While he was thus engaged, Christian would be exploring her worlds of history and of might-have-been and a different agent would range around the physical, present-day globe.
In the latter case, his most obvious procedure was to discharge an appropriate set of the molecular assemblers he had brought along and let them multiply. When their numbers were sufficient, they would build (grow; brew) a fleet of miniature robotic vessels, which would fly about and transmit to him, for study at his leisure, everything their sensors detected.
Gaia persuaded him otherwise: “If you go in person, with a minor aspect of me for a guide, you will get to know the planet more quickly and thoroughly. Much about it is unparalleled. It may help you see why I want the evolution to continue unmolested to its natural conclusion.”

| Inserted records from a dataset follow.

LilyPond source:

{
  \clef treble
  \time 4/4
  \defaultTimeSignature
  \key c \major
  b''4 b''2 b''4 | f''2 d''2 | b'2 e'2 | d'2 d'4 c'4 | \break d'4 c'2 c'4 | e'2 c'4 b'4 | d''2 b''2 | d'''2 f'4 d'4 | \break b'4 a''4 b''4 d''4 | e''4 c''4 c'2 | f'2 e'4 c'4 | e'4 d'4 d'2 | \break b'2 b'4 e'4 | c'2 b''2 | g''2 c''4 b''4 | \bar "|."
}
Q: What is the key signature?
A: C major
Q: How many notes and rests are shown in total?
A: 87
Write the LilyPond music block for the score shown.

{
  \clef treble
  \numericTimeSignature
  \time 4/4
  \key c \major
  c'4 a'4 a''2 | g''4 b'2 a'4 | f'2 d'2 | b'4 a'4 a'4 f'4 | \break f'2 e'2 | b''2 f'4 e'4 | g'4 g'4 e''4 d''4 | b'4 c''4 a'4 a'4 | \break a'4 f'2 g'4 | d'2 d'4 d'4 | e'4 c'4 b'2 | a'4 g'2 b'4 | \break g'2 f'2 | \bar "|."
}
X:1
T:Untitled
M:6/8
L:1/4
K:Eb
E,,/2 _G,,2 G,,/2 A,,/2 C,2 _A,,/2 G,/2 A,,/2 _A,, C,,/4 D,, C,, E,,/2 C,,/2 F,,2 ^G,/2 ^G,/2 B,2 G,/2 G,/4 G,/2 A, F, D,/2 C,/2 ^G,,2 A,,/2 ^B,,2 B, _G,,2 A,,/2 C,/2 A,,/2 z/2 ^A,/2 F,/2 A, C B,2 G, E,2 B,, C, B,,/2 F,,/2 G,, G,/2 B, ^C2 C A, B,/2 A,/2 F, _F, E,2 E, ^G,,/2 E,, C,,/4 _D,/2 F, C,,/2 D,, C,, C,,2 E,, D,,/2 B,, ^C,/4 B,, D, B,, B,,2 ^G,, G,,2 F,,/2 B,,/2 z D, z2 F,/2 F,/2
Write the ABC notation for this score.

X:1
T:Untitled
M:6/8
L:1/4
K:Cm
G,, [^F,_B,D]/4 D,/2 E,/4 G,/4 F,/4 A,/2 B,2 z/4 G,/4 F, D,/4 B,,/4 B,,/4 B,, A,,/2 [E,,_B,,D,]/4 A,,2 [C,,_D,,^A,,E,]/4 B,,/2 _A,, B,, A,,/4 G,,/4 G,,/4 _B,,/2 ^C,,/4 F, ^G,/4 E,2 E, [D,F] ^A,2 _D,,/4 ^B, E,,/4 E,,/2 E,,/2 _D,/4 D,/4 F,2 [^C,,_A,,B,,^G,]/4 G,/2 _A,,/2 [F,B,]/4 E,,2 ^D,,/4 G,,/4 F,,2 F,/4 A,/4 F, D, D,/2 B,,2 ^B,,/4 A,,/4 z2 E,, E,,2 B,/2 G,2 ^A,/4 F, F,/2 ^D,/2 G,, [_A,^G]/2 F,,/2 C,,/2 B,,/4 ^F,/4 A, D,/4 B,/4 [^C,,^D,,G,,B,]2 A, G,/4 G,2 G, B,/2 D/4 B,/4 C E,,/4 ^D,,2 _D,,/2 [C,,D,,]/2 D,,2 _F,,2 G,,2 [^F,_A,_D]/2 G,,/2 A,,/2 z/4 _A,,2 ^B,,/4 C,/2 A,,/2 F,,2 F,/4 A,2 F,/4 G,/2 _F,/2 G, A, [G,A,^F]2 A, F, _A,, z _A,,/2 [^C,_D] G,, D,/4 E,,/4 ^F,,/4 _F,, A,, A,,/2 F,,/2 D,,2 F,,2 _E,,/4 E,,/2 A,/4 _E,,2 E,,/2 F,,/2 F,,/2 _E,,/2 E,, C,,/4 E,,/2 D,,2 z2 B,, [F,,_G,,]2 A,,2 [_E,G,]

He accepted. After all, a major part of his mission was to fathom her thinking. Then perhaps Alpha and the rest could hold a true dialogue with her and reach an agreement—whatever it was going to be. Besides, he could deploy his investigators later if this expedition left him dissatisfied.
He did inquire: “What are the hazards?”
“Chiefly weather,” she admitted. “With conditions growing more extreme, tremendous storms spring up practically without warning. Rapid erosion can change contours almost overnight, bringing landslides, flash floods, sudden emergence of tidal bores. I do not attempt to monitor in close detail. That volume of data would be more than I could handle”—yes, she—“when my main concern is the biological phenomena.”
His mind reviewed her most recent accounts to the stars. They were grim. The posthuman lushness of nature was megayears gone. Under its clouds, Earth roasted. The loftiest mountaintops were bleak, as here above the Rainbowl, but nothing of ice or snow remained except dim geological traces. Apart from the wate
rs and a few islands where small, primitive species hung on, the tropics were sterile deserts. Dust and sand borne on furnace winds scoured their rockscapes. North and south they encroached, withering the steppes, parching the valleys, crawling up into the hills. Here and there survived a jungle or a swamp, lashed by torrential rains or wrapped hot and sullen in fog, but it would not be for much longer. Only in the high latitudes did a measure of benignity endure. Arctica’s climates ranged from Floridian—Christian Brannock’s recollections—to cold on the interior heights. South of it across a sea lay a broad continent whose northerly parts had temperatures reminiscent of central Africa. Those were the last regions where life kept any abundance.
“Would you really not care to see a restoration?” Wayfarer had asked her directly, early on.
“Old Earth lives in my database and emulations,” Gaia had responded. “I could not map this that is happening into those systems and let it play itself out, because I do not comprehend it well enough, nor can any finite mind. To divert the course of events would be to lose, forever, knowledge that I feel will prove to be of fundamental importance.”
Wayfarer had refrained from pointing out that life, reconquering a world once more hospitable to it, would not follow predictable paths either. He knew she would retort that experiments of that kind were being conducted on a number of formerly barren spheres, seeded with synthesized organisms. It had seemed strange to him that she appeared to lack any sentiment about the mother of humankind. Her being included the beings of many and many a one who had known sunrise dew beneath a bare foot, murmurs in forest shades, wind-waves in wheatfields from horizon to horizon, yes, and the lights and clangor of great cities. It was, at root, affection, more than any scientific or technological challenge, that had roused in Gaia’s fellows among the stars the wish to make Earth young again.
Now she meant to show him why she felt that death should have its way.